US 12,190,890 B2
	System, method and programmed product for uniquely identifying participants in a recorded streaming teleconference
Shlomi Medalion, Ramat Gan (IL); Omri Allouche, Tel Aviv (IL); and Maxim Bulanov, Ramat Gan (IL)
Assigned to GONG.IO LTD, Ramat Gan (IL)
Filed by GONG.IO LTD, Ramat Gan (IL)
Filed on Mar. 5, 2024, as Appl. No. 18/596,327.
Application 18/596,327 is a continuation of application No. 17/651,208, filed on Feb. 15, 2022, granted, now 11,978,456.
Prior Publication US 2024/0212691 A1, Jun. 27, 2024
This patent is subject to a terminal disclaimer.
Int. Cl. G10L 17/06 (2013.01); G06Q 30/01 (2023.01); G06V 10/82 (2022.01); G06V 20/40 (2022.01); G06V 40/16 (2022.01); G10L 17/02 (2013.01); G10L 17/18 (2013.01); G10L 21/028 (2013.01); G10L 25/57 (2013.01); H04L 65/403 (2022.01)

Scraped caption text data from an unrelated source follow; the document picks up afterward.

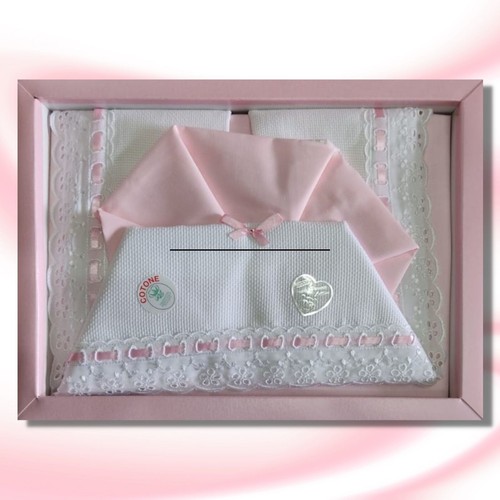 Coordinato lettino rosa - , con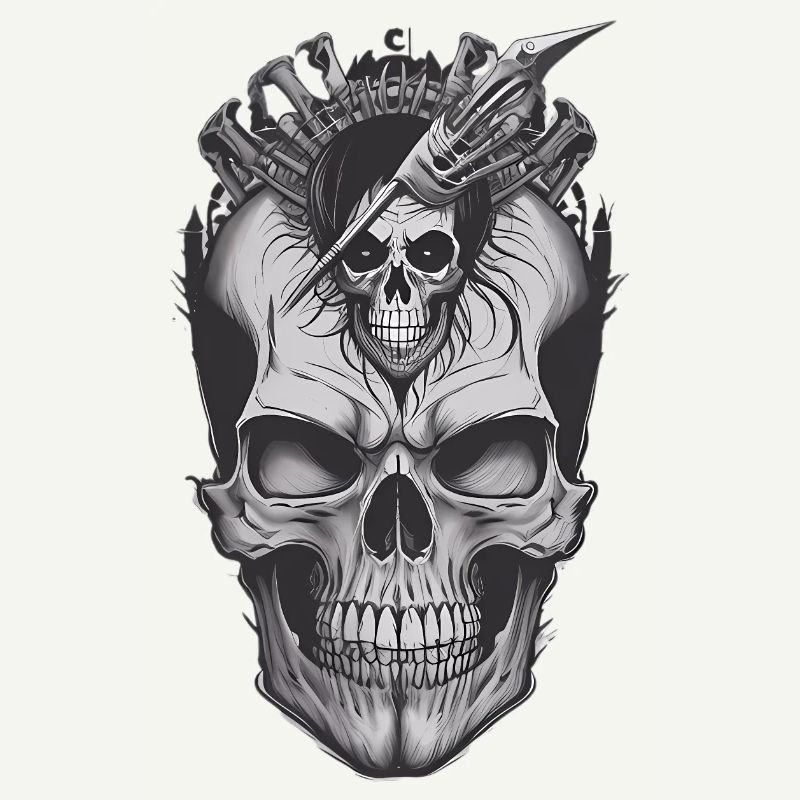 Cool Skull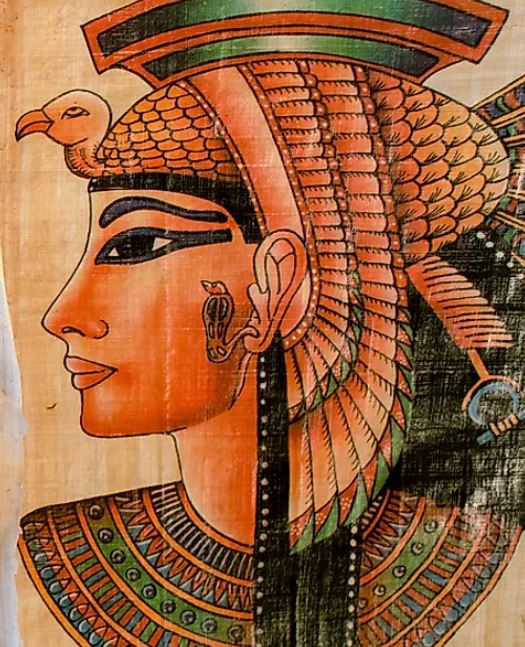 Cleopatra vivió más cerca de la llegada de la humanidad a la Luna (nació 2000 años antes) que de la construcción de la Gran Pirámide de Giza (nació 2500 años después). Nuestra percepción del tiempo a veces no es muy fidedigna... #wonder #maravilla #curiosidades #cleopatra #egypt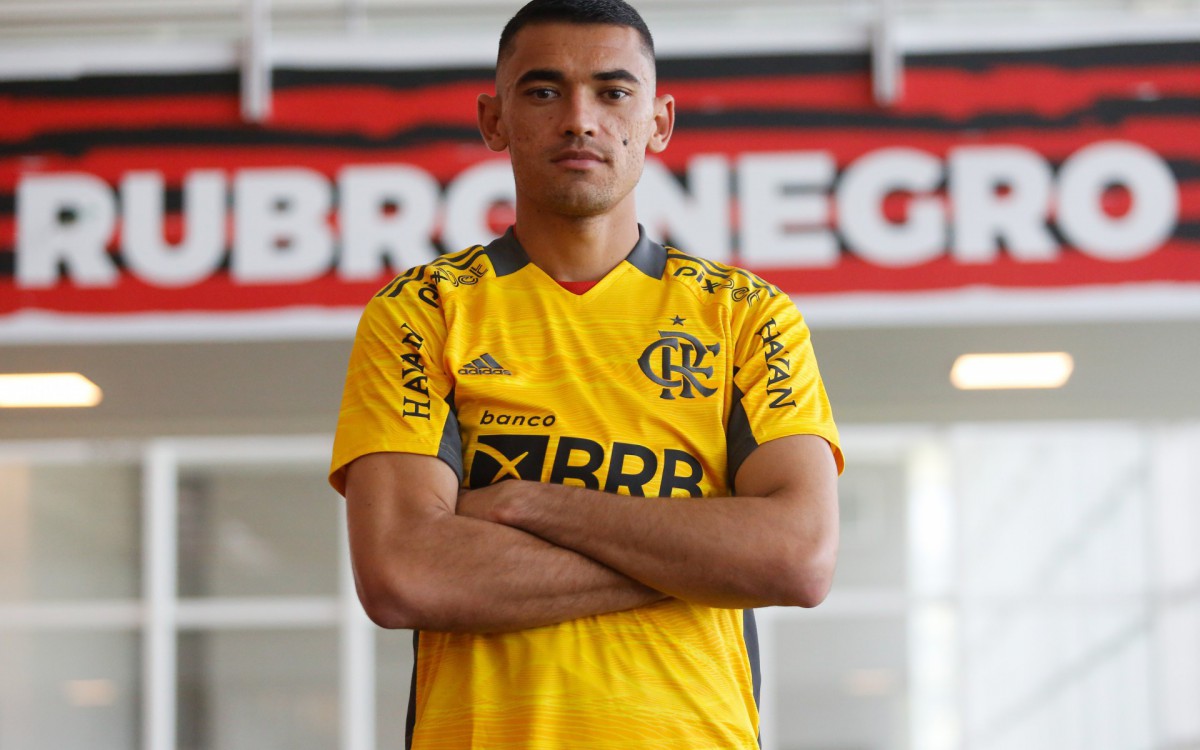 Santos é o novo goleiro do Flamengo - Gilvan de Souza / Flamengo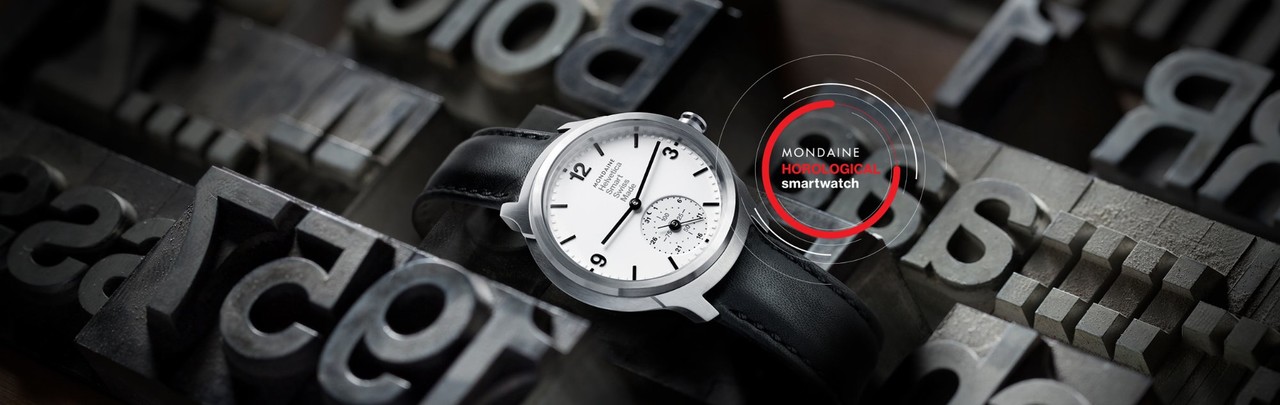 Mondaine Helvetica 1 Smartwatch: First ever Swiss-made smartwatch by Mondaine | WatchO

CPC G10L 17/06 (2013.01) [G06V 10/82 (2022.01); G06V 20/40 (2022.01); G06V 40/171 (2022.01); G10L 17/02 (2013.01); G10L 17/18 (2013.01); G10L 21/028 (2013.01); G10L 25/57 (2013.01); H04L 65/403 (2013.01); G06Q 30/01 (2013.01)]

17 Claims

1. A system for using visual information in a video stream of a first recorded teleconference among a plurality of participants to diarize speech comprising:

one or more processors; and

non-transitory computer-readable memory operatively connected to the one or more processors, the non-transitory computer-readable memory including machine readable instructions that, when executed by the one or more processors, cause the one or more processors to perform steps of:

(a) obtaining components of the first recorded teleconference among the plurality of participants conducted over a network, wherein the components include:

(1) an audio component including utterances of respective participants that spoke during the first recorded teleconference;

(2) a video component including a video feed as to respective participants that spoke during the first recorded teleconference;

(3) teleconference metadata associated with the first recorded teleconference and including a first plurality of timestamp information and respective speaker identification information associated with each respective timestamp information; and

(4) transcription data associated with the first recorded teleconference, wherein said transcription data is indexed by timestamp;

(b) parsing the audio component into a plurality of speech segments in which one or more participants were speaking during the first recorded teleconference, wherein each respective speech segment is associated with a respective time segment including a start timestamp indicating a first time in the first recorded teleconference when the respective speech segment begins, and a stop timestamp associated with a second time in the first recorded teleconference when the respective speech segment ends;

(c) tagging each respective speech segment with the respective speaker identification information based on the teleconference metadata associated with the respective time segment; and

(d) diarizing the first recorded teleconference, wherein diarizing the first recorded teleconference includes:

(1) indexing the transcription data in accordance with respective speech segments and the respective speaker identification information to generate a segmented transcription data set for the first recorded teleconference;

(2) identifying respective speaker information associated with respective speech segments using a neural network with at least a portion of the video feed corresponding in time to at least a portion of the segmented transcription data set determined according to the indexing as an input, and providing source indication information for each respective speech segment as an output and using a training set including visual content tagged with prior source indication information, wherein the portion of the video feed includes a first artificial visual representation not including a face generated by telephone conferencing software in the visual content associated with a first participant that spoke during a first speech segment of the first recorded teleconference, and the portion of the video feed does not include any artificial visual representation associated with a second participant that did not speak during the first speech segment of the first recorded teleconference, and the source indication information is based at least on presence of the first artificial visual representation; and

(3) labeling each respective speech segment based on the identified respective speaker information associated with the respective speech segment;

wherein the identified respective speaker information is based on the source indication information.